Сергеев не исследовал данный вопрос и пишет легковесно: «Конечно, при таком положении дел духовенство было не способно стать общественным и идейным центром русского нациестроительства». Конкретно какой-нибудь русский поп, который мало напоминал французского l’abbé и в общественной жизни не участвовал, на это и не претендовал, но духовное сословие в целом, в потомстве своем, – очень даже. Одна только троица Белинский – Чернышевский – Добролюбов чего стоила!

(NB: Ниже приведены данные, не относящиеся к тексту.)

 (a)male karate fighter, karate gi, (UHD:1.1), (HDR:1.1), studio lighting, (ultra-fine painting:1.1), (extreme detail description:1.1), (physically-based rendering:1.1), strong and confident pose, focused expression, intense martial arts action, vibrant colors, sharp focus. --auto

Учитывая, что данный контингент, даже оторвавшись от породившей его почвы, нес в себе мощнейший заряд эгалитаристской идеи, сугубо религиозной по происхождению, то именно его можно бы, по Сергееву, записать в передовой отряд «русского нациестроительства». Однако сам Сергеев этого не делает, что свидетельствует лишь о недостаточной его погруженности в данный предмет.

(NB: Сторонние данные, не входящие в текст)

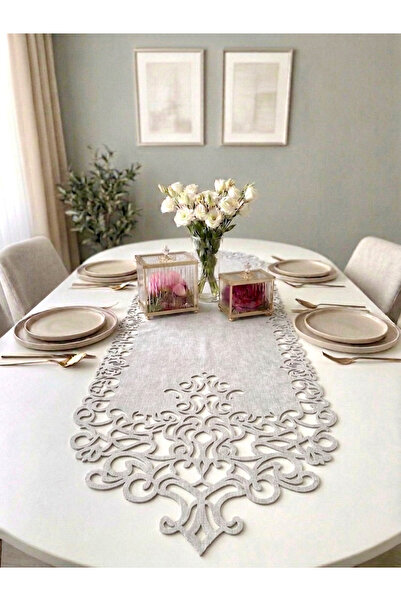 Ergüven Home Taş Rengi Süet Kumaş Runner 40x140 Cm Masa Boyu - Modern Tasarım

Не повезло не только дворянству и духовенству, которые не узнаются в написанных Сергеевым социальных портретах, но и возлюбленному им крестьянству. Так, ссылаясь на известного специалиста Б.Н. Миронова, Сергеев пишет: «Выше уже говорилось о реально рабском статусе крепостных крестьян, но в определенном смысле положение другой значительной категории “сельских обывателей” – государственных крестьян мало чем отличалось: и первые, и вторые не имели “свободы передвижения и социальной мобильности, права выбора занятий”, были прикреплены “наследственно к своему социальному статусу, месту жительства, общине и владельцу. Это дает основание объединить все разряды крестьян, существовавшие до 1860-х гг., в одно сословие закрепощенных сельских обывателей”» (285). Сергеев вообще всячески и по любому поводу усугубляет «мрачную картину» крестьянской жизни, чтобы обосновать свою идею отсутствия единой русской нации в романовской России.

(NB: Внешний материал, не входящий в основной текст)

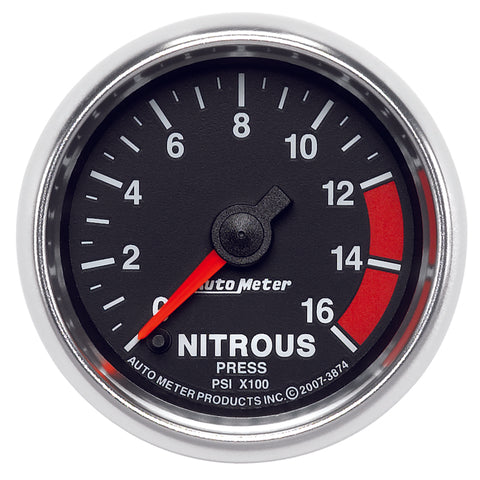 Autometer GS 2 1/16in. 1600PSI Nitrous Fuel Pressure Gauge - 3874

Нельзя не увидеть в этих словах и этом подходе натяжки. Не вдаваясь в детальную полемику, приведу в противовес слова Пушкина, который в своей жизни, в отличие от Сергеева, немало лично общался с крестьянским классом что в Михайловском, что в Болдине, что в иных местах (он никогда не чурался простого народа). Он знал предмет, и в статье «Путешествие из Москвы в Петербург», полемически заостренной против Радищева, а тем самым и против его нынешних эпигонов, указывал:

«Фонвизин, лет за пятнадцать пред тем путешествовавший по Франции, говорит, что, по чистой совести, судьба русского крестьянина показалась ему счастливее судьбы французского земледельца. Верю. Вспомним описание Лабрюера, слова госпожи Севинье, еще сильнее тем, что она говорит без негодования и горечи, а просто рассказывает, что видит и к чему привыкла. Судьба французского крестьянина не улучшилась в царствование Людовика XV и его преемника… Прочтите жалобы английских фабричных работников: волоса встанут дыбом от ужаса. Сколько отвратительных истязаний, непонятных мучений! какое холодное варварство с одной стороны, с другой какая страшная бедность! Вы подумаете, что дело идет о строении фараоновых пирамид, о евреях, работающих под бичами египтян. Совсем нет: дело идет о сукнах г-на Смита или об иголках г-на Джаксона. И заметьте, что все это есть не злоупотребления, не преступления, но происходит в строгих пределах закона. Кажется, что нет в мире несчастнее английского работника, но посмотрите, что делается там при изобретении новой машины, избавляющей вдруг от каторжной работы тысяч пять или шесть народу и лишающей их последнего средства к пропитанию…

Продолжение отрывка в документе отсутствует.